Are you sure it isn't the camper's propane detector ? Our camper has a propane alarm and a carbon monoxide alarm. Two separate devices. 
The CO detector is battery operated, while the propane alarm is operated off of the TT's battery. Our propane alarm will start to go off if the TT's battery is low. If memory serves me, both alarms have a finite life. I think about 5-7 years, after that they need to be replaced.

Propane Detector

CO Alarm
[/quote]

I'll second the low battery senario.


----------



## egregg57 (Feb 13, 2006)

Tourdfox said:


> I recently went outside and heard my CO detector screaming at me. I hit the mute or test button and it shut off, but only for a minute or so. I opened the windows and ran the fan for quite some time, but still the beeping would start again. I took it apart and it is hard wired with no battery. Is this a common problem?


Are you sure it isn't the camper's propane detector ? Our camper has a propane alarm and a carbon monoxide alarm. Two separate devices. 
The CO detector is battery operated, while the propane alarm is operated off of the TT's battery. Our propane alarm will start to go off if the TT's battery is low. If memory serves me, both alarms have a finite life. I think about 5-7 years, after that they need to be replaced.

Propane Detector

CO Alarm
[/quote]

I'll second the low battery senario.
[/quote]

Check the manufacture date of the CO alarm. The detector is a particulate type sensor and after a number of years the sensors sensitivity level drops and can take next to nothing for it to alarm. You may simply need to change it out. The same thing occurs with gas detectors, after 5 years they become flakey and should be changed out.

In 2010 the CO detector in our 31RQS would randomly alarm and then got so bad we pulled the batteries. I replaced the unit and had no issues up until we sold the unit. The propane detector also went about a month earlier. same issue randon alarming. Manufacture date on both was 2004. My 31RQS was a 2005, I changed them in 2010.

Hope that helps!

Eric


----------



## Leedek (Nov 28, 2010)

I've had people tell me that they have replaced the DW every few years.







I have not found this to be a problem. Well ... only occasionally.
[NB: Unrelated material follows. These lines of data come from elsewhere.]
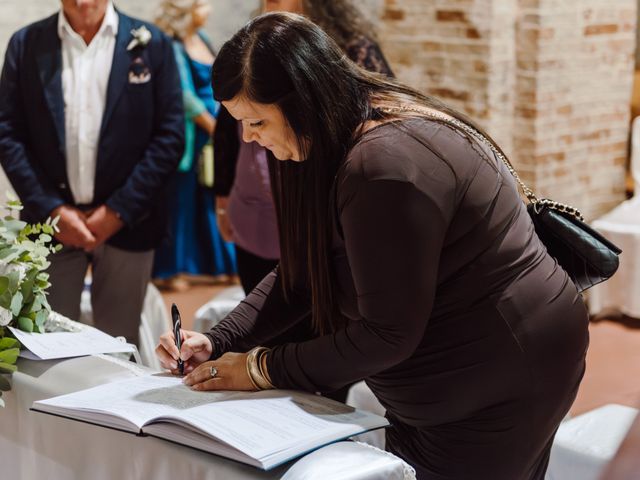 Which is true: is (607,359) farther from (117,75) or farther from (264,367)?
(264,367)

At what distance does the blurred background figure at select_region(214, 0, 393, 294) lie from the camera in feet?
10.6

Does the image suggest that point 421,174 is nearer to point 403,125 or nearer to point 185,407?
point 403,125

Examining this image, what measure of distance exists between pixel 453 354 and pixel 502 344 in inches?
3.3

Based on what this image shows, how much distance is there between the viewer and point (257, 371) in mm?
1784

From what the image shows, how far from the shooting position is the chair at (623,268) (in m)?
5.11

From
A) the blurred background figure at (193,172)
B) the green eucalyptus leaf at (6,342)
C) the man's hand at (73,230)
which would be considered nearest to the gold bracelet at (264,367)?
the green eucalyptus leaf at (6,342)

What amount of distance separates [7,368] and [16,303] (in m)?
0.15

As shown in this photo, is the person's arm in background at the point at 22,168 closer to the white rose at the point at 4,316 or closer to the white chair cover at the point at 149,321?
the white chair cover at the point at 149,321

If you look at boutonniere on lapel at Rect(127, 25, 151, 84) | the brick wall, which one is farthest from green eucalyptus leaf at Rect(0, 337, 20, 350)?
the brick wall

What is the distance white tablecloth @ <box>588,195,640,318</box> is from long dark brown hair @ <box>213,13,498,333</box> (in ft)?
11.7

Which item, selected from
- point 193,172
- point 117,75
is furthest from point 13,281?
point 193,172

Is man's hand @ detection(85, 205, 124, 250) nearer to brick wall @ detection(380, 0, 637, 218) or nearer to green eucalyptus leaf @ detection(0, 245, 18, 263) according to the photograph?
green eucalyptus leaf @ detection(0, 245, 18, 263)

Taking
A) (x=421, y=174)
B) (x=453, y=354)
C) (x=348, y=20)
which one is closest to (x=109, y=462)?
(x=453, y=354)

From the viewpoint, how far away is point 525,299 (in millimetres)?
1734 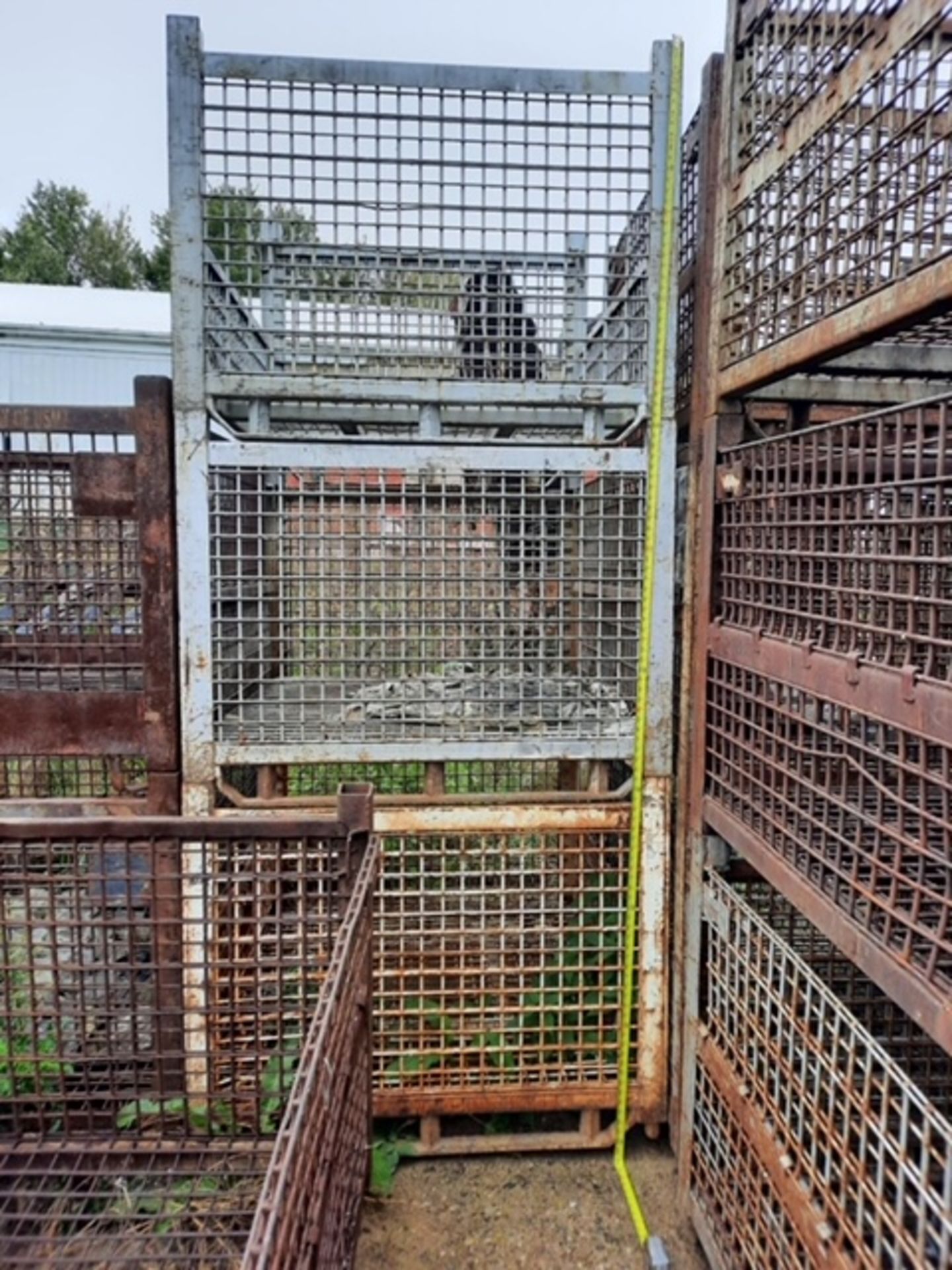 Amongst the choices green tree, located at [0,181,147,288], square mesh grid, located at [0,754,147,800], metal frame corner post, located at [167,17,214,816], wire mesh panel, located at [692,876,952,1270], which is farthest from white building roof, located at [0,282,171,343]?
green tree, located at [0,181,147,288]

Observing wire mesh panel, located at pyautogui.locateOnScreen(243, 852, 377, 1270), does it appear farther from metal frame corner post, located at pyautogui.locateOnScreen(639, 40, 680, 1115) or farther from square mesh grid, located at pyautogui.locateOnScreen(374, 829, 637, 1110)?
metal frame corner post, located at pyautogui.locateOnScreen(639, 40, 680, 1115)

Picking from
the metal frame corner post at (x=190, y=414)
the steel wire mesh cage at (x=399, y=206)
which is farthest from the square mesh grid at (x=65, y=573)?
the steel wire mesh cage at (x=399, y=206)

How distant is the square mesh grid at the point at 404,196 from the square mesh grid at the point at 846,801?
0.94m

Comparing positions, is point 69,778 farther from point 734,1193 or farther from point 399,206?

I still have the original and this year will be our 44th year together.


----------



## ckmagnum (May 10, 2013)

Thanks. Maybe it is the propane alarm. I don't think it is a battery thing though, since it is plugged in to the 50amp service I have at my house. Maybe it is just bad.


----------



## egregg57 (Feb 13, 2006)

ckmagnum said:


> Thanks. Maybe it is the propane alarm. I don't think it is a battery thing though, since it is plugged in to the 50amp service I have at my house. Maybe it is just bad.


 If it is rectangular, about 2 inches tall, by about 7 inches long, hardwired at just above the floor level it is a Propane Detector. If it is round,mounted on a wall, not a ceiling, and takes aa or aaa batteries, it is a CO detector, most likely.

Eric


----------